Рациональное в сатирическом освещении: цикл «Медицинских стихотворений» А.К. Толстого
Бесплатный доступ
Рассматриваются сатирические приемы и образы цикла «Медицинские стихотворения» А.К. Толстого, ставшие своеобразной реакцией на засилье утилитаризма и рационализма, символом которых во второй половине XIX в. становятся естественные науки, прежде всего - медицина.
Рациональное и эмоциональное, сатира, образ врача, энтомологические образы, комедии дель арте, карнавальная традиция
Короткий адрес: https://sciup.org/14822429
IDR: 14822429
Текст научной статьи Рациональное в сатирическом освещении: цикл «Медицинских стихотворений» А.К. Толстого
В стихотворении «Навозный жук, навозный жук…» доктор прямо обвиняется в смерти пациентки:
Лукавый врач, лукавый врач!
Трепещешь ты не без причины
Припомни стон, припомни плач,
Тобой убитой Адольфины! [16, с. 388]
В тексте содержится характерный для карнавального типа юмора образ ложного целебного снадобья – «каломельные пилюли», которые и стали причиной смерти несчастной. Комментарием к тексту должно явиться указание – что такое каламель и какие заболевания лечили этим веществом: «В медицине XVIII – XIX вв. часто использовалась не сама ртуть, а каломель – хлорид ртути (I). Ее использовали в качестве глазной мази, для лечения венерических заболеваний, особенно сифилиса, как желчегонное и слабительное» [8]. Пилюлями лечили заболевания пищеварительного тракта, что возвращает нас сфере телесного низа – «веселой материи», характерной для народного смехо-вого творчества.
Важнейшей темой в анализируемом произведении становится месть скончавшейся пациентки Адольфины, которая преследует врача:
С тех пор моя летает тень,
Вокруг тебя жуком навозным [16, с.388]
Характерна также комически-пародийно трактуемая тема совести, которая мучает «лукавого врача»:
О врач, скажи, твоя мечта
Теперь какую слышишь повесть?
Какого ропот живота
Тебе на ум приводит совесть? [Там же]
Для карнавальных текстов типична бинарная оппозиция жизнь / смерть, граничащая с темой бессмертия и воскрешения, в нашем случае она реализуется как посмертное перевоплощение: «Гротескный образ, – пишет М.М. Бахтин, – характеризует явление в состоянии его изменения, незавершенной еще метаморфозы, в стадии смерти и рождения, роста и становления» [1, с. 31]. Превращение больной Адольфины после смерти в навозного жука создает комический эффект и отодвигает страх смерти на второй план: возникает десакрализация темы смерти и загробной жизни. Интересно отметить, что выбор имени пациентки, так же связан с образом жука, так как Ламприма Адольфина – название жука из семейства Рогачей.

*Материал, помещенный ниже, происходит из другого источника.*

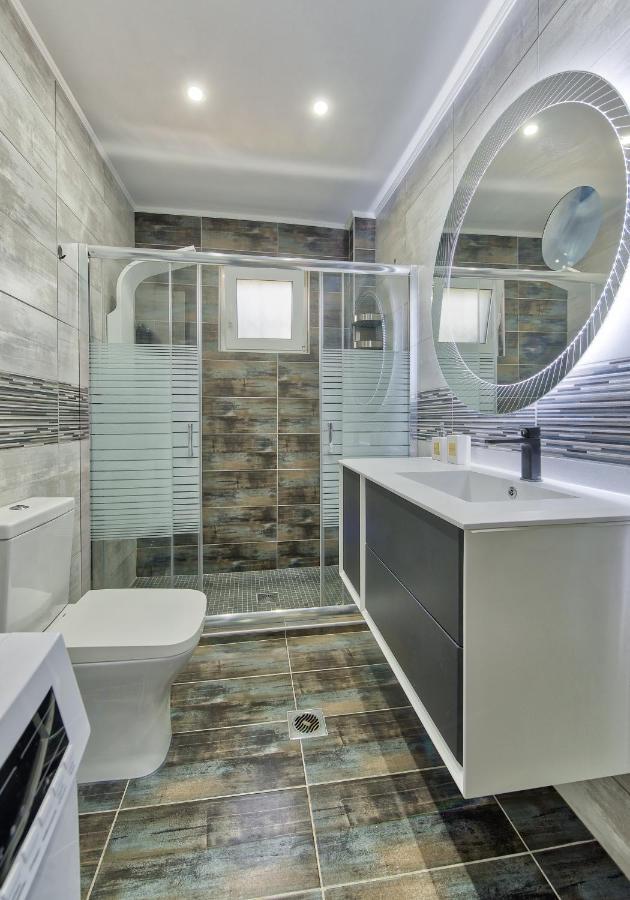 Vrachos Holiday Home Аликанас Экстерьер фото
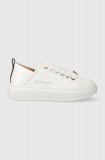 Alexander Smith sneakers din piele Wembley culoarea alb, ASAZWYW0487TWT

Одной из причин, по которой автор облекает дух покойницы в облик навозного жука, может быть сравнение по характеру звуков: шума, производимого навозным жуком во время полета и «ропота живота». Образ навозного жука в соответствии с мифопоэтическими традициями резкой оценочнос-ти не несет, обладает нейтральной топикой и его определяющей чертой является созидающее начало [2, с. 221]. Тема, как ее называет М.М. Бахтин, матерально-телесного низа, в нашем случае выражена через навоз и ассоциативный ряд к нему. Жук, в которого материализовалась по сюжету сатиры Адоль-фина, имеет дело в основном с навозом, в нем живет, размножается и им же питается, отчего и имеет такое название. В стихотворении А.К. Толстого жук-Адольфина и связанная с ним табуированная тема его среды обитания накладывает определенный отпечаток на образ преследуемого врача, наделяя его сниженной семантикой.

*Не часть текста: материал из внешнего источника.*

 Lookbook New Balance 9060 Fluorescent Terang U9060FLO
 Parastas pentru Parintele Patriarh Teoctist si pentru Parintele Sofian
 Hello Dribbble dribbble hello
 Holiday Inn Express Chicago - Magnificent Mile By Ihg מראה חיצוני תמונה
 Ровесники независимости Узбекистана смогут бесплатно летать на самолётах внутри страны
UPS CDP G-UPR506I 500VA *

Образ лукавого врача из стихотворения «Навозный жук, навозный жук…» непосредственно связан с образом доктора из произведения «Отрывок из поэмы “Медик”» (Лукавый врач…) К. Пруткова – литературной маски, одним из создателей которой являлся А.К. Толстой. Произведение представляет собой пародирование позитивистского, прагматического отношения к пациентам: врач, которого ждет умирающая «тетка сторожа», задерживается в пути – в итоге пациентка умирает, не дождавшись лекарств. “Злобный медик” равнодушно констатирует ее смерть и требует оплаты за визит. Цинизм становится объектом пародирования, что непосредственно связано с христианским мировоззрением авторов-создателей литературной маски, они утверждали абсолютное главенство духовного начала в человеке, тем самым, опровергая возможность телесного здоровья без нравственного здоровья души и критикуя пользу рационализации жизни. Именно поэтому врач назван «лукавым», что неизбежно вызывает ассоциации с дьявольским началом [10, с. 88]. Жанр пародии, в котором создано произведение К. Пруткова, добавляет новые смысловые оттенки к образу медика, утилитаризм приобретает инфернальные черты. Авторство данного произведения не установлено, как и год его создания, известно только, что опубликовано оно было впервые в 1876 г. в приложении к журналу «Современник» [12], т.е. позже создания стихотворения «Навозный жук, навозный жук…». Тем не менее, не зная доподлинно год создания, невозможно установить, создано ли стихотворение Толстого под влиянием совместной работы с братьями Жемчужниковыми или же А.К. Толстой является автором обоих стихотворений, однако мотивная связь данных произведений не вызывает сомнения.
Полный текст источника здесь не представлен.